The Protean IR captures the topology of a domain model — what elements exist, what shape they have, and how they connect — in a portable JSON format. It is the machine-readable representation of everything a Domain knows after domain.init() completes.

The IR answers three kinds of questions:

  • Structural: What aggregates exist? What entities, value objects, fields, and constraints do they contain?
  • Behavioral: What commands target which aggregates? What events do they raise? What handlers process those commands and events?
  • Infrastructure: What repositories persist which aggregates? What database models map them?

The IR never captures logic — what happens inside method bodies, how invariants are evaluated, or what transformations handlers perform.


Philosophy & Principles

Topology, not logic. The IR captures what and how connected, never what happens inside. When the IR says an aggregate has a post-invariant named order_must_have_items, it records the fact that this guard exists and when it runs — not what it checks.

Declare, don't detect. When the IR needs information not naturally introspectable (like whether an event is published), the solution is explicit developer declaration via Meta options — never static analysis of Python source.

Aggregate-centric, flow-aware. The primary organization mirrors DDD's aggregate cluster concept. Cross-cutting concerns (domain services, process managers, subscribers) get explicit treatment in a separate section.

Deterministic and diffable. The same domain model always produces byte-identical IR JSON. This is non-negotiable for git diffing, compatibility checking, and staleness detection.

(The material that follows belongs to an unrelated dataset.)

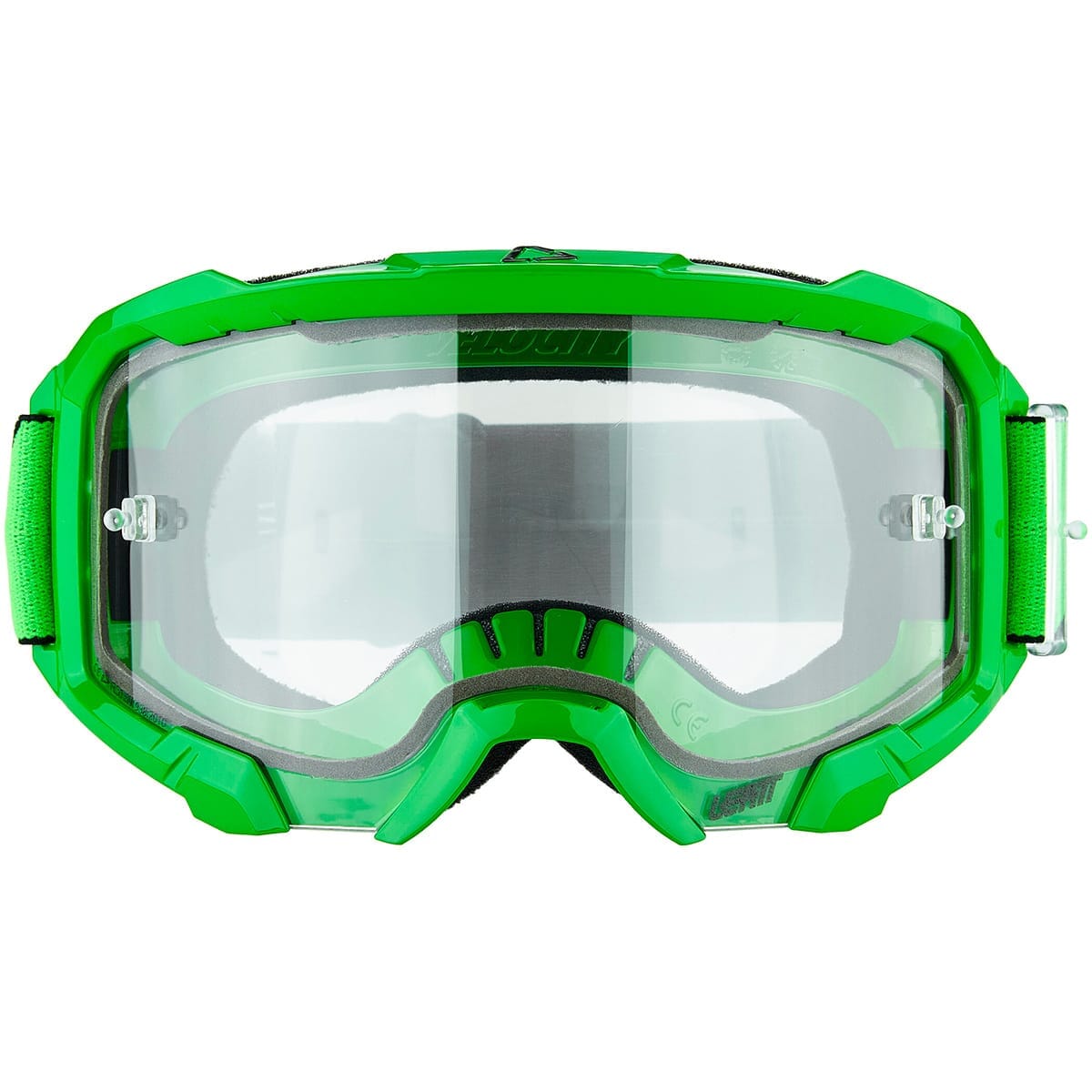 Masque LEATT VELOCITY 4.5 Vert Écran Transparent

One document, one bounded context. A single IR document represents one Domain instance = one bounded context. Multiple aggregates within one bounded context is normal DDD — Order and Payment aggregates in the same domain are clusters within one BC.

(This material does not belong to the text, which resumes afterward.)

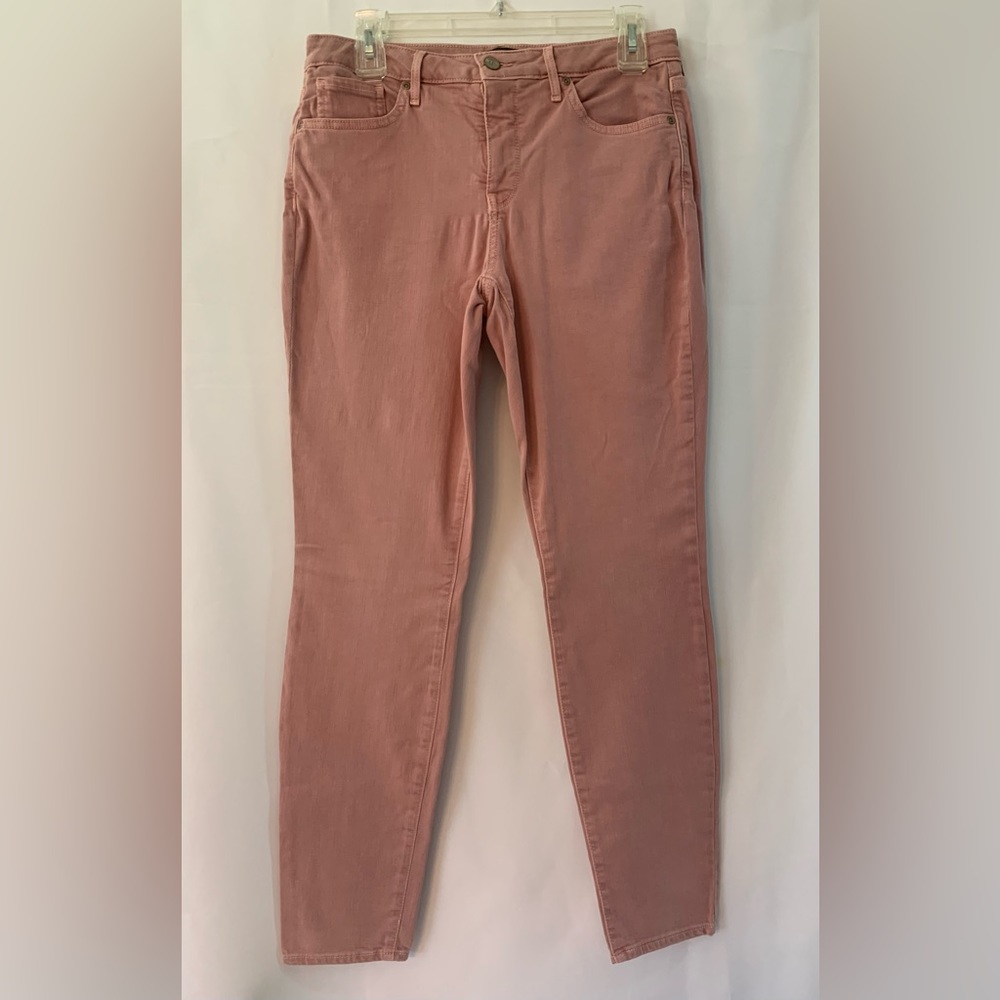 NYDJ blush pink skinny size 6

Lossless within scope. Every piece of structural and behavioral metadata available on the composite root after domain.init() is capturable in the IR. Downstream tools never need to go back to Python source for information they need.

Uniform over special-cased. Every element carries an element_type discriminator. Handler wiring always uses lists (even for 1:1 cardinality). This makes generic IR processing possible without type-specific code paths.

Open for extension. Every object in the IR can carry additional keys in future versions. Consumers MUST ignore keys they don't recognize.


Compatibility Contract

Versioning

The ir_version field uses semantic versioning (MAJOR.MINOR.PATCH):

  • Patch (0.1.0 → 0.1.1): Bug fixes in IR generation. No schema changes.
  • Minor (0.1.0 → 0.2.0): Additive changes only. New optional keys, new sections, new element types. Consumers of 0.1.0 can read 0.2.0 by ignoring unknown keys.
  • Major (0.x → 1.0): Breaking changes. Keys may be removed, renamed, or change meaning.

Consumer Rules

  1. MUST ignore unknown keys at every level.
  2. MUST NOT rely on key ordering for semantics.
  3. SHOULD provide defaults for missing optional keys.
  4. MUST check ir_version and reject documents with a higher major version.

Producer Rules

  1. MUST NOT remove or rename existing keys in minor versions.
  2. MAY add new keys, top-level sections, or element type values in minor versions.
  3. MUST include ir_version in every document.

Top-Level Structure

{
  "$schema": "https://protean.dev/ir/v0.1.0/schema.json",
  "ir_version": "0.1.0",
  "generated_at": "2026-03-01T12:00:00Z",
  "checksum": "sha256:a1b2c3...",

  "domain": { },
  "contracts": { },
  "clusters": { },
  "projections": { },
  "flows": { },
  "elements": { },
  "diagnostics": [ ]
}
Section Purpose Maps to
domain Bounded context identity and global config Domain.__init__() and Config2
clusters Aggregate clusters: elements within each aggregate boundary _assign_aggregate_clusters() output
projections Read side (CQRS): projections, projectors, queries Cross-aggregate — not tied to one cluster
flows Cross-aggregate coordination: domain services, PMs, subscribers Elements spanning 2+ aggregates
contracts Published language: events available to other BCs Derived from published annotations
elements Flat index by element type for O(1) lookup Derived from all sections
diagnostics Builder warnings and errors Informational — IR is valid regardless

Top-Level Metadata

Field Type Required Description
$schema string yes URI to the IR JSON Schema
ir_version string yes Semantic version of the IR format
generated_at string yes ISO 8601 UTC timestamp
checksum string yes sha256: prefixed hex digest
contracts object no Omitted when no published events
diagnostics list yes May be empty []

Checksum Algorithm

  1. Build the complete IR dict
  2. Remove the generated_at and checksum keys
  3. Serialize to canonical JSON: sorted keys, no indent, separators (',', ':') (compact, no whitespace)
  4. Encode to UTF-8 bytes
  5. Compute SHA-256
  6. Format as "sha256:<hex_digest>"

Domain Metadata

The domain section captures bounded context identity and global configuration.

{
  "domain": {
    "name": "Ordering",
    "normalized_name": "ordering",
    "camel_case_name": "Ordering",
    "identity_strategy": "uuid",
    "identity_type": "string",
    "event_processing": "async",
    "command_processing": "async"
  }
}
Field Source Description
name domain.name Display name
normalized_name domain.normalized_name Lowercase form for stream prefixes
camel_case_name domain.camel_case_name CamelCase form for __type__ strings
identity_strategy Config "uuid", "function", or "database"
identity_type Config "string" or "integer"
event_processing Config "sync" or "async"
command_processing Config "sync" or "async"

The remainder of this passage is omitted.